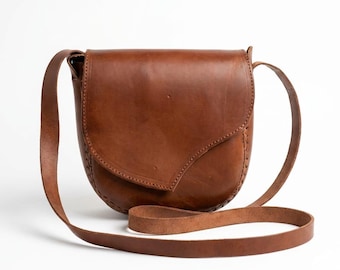 Handcrafted Cognac Leather Crossbody Bag | Magnetic Closure Saddle Purse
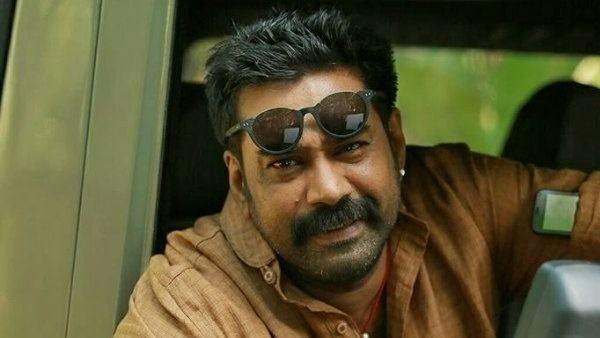 మెగాస్టార్ సినిమాలో విలన్ గా మలయాళ స్టార్.. తమిళ నటుడు హ్యాండ్ ఇవ్వడంతో?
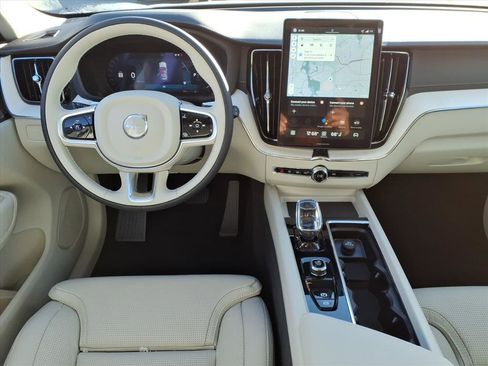 New 2026 Volvo XC60 B5 Ultra w/ Protection Package Premier image 9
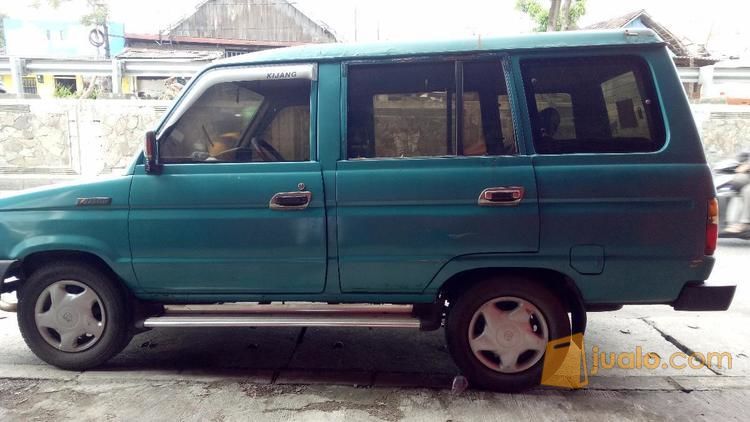 Mobil Kijang 1990 Hijau Metalik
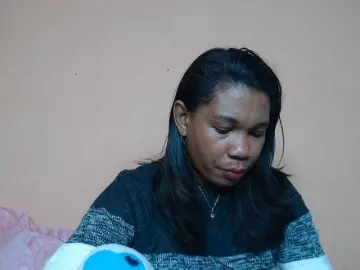Rsylvie  live sex cam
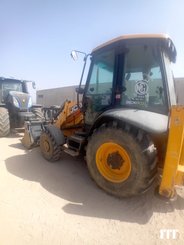 Retro excavadora JCB 3CX - 2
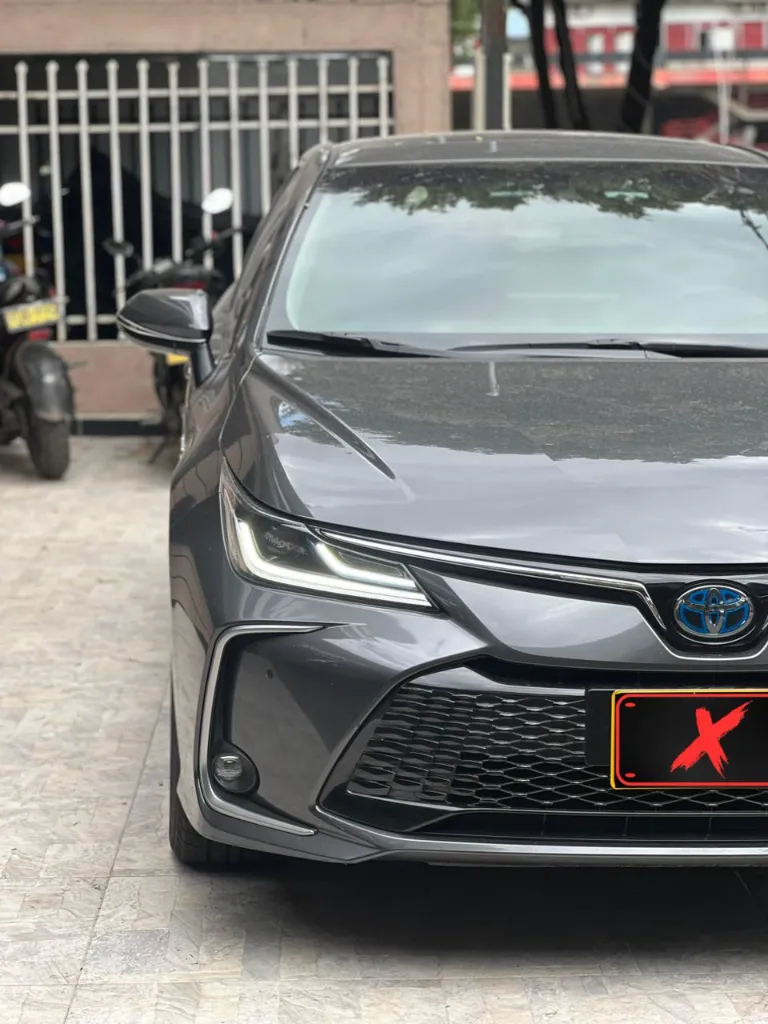 TOYOTA COROLL SE-G HYBRID 2024 publicar en $119.900 (20).webp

====

Your objective: Could the lines from the one with "మెగాస్టార్ సినిమాలో విలన్" through the last line of the material above be written out exactly, both included, with pictures left out?

Response:
 మెగాస్టార్ సినిమాలో విలన్ గా మలయాళ స్టార్.. తమిళ నటుడు హ్యాండ్ ఇవ్వడంతో?
 New 2026 Volvo XC60 B5 Ultra w/ Protection Package Premier image 9
 Mobil Kijang 1990 Hijau Metalik
Rsylvie  live sex cam
 Retro excavadora JCB 3CX - 2
 TOYOTA COROLL SE-G HYBRID 2024 publicar en $119.900 (20).webp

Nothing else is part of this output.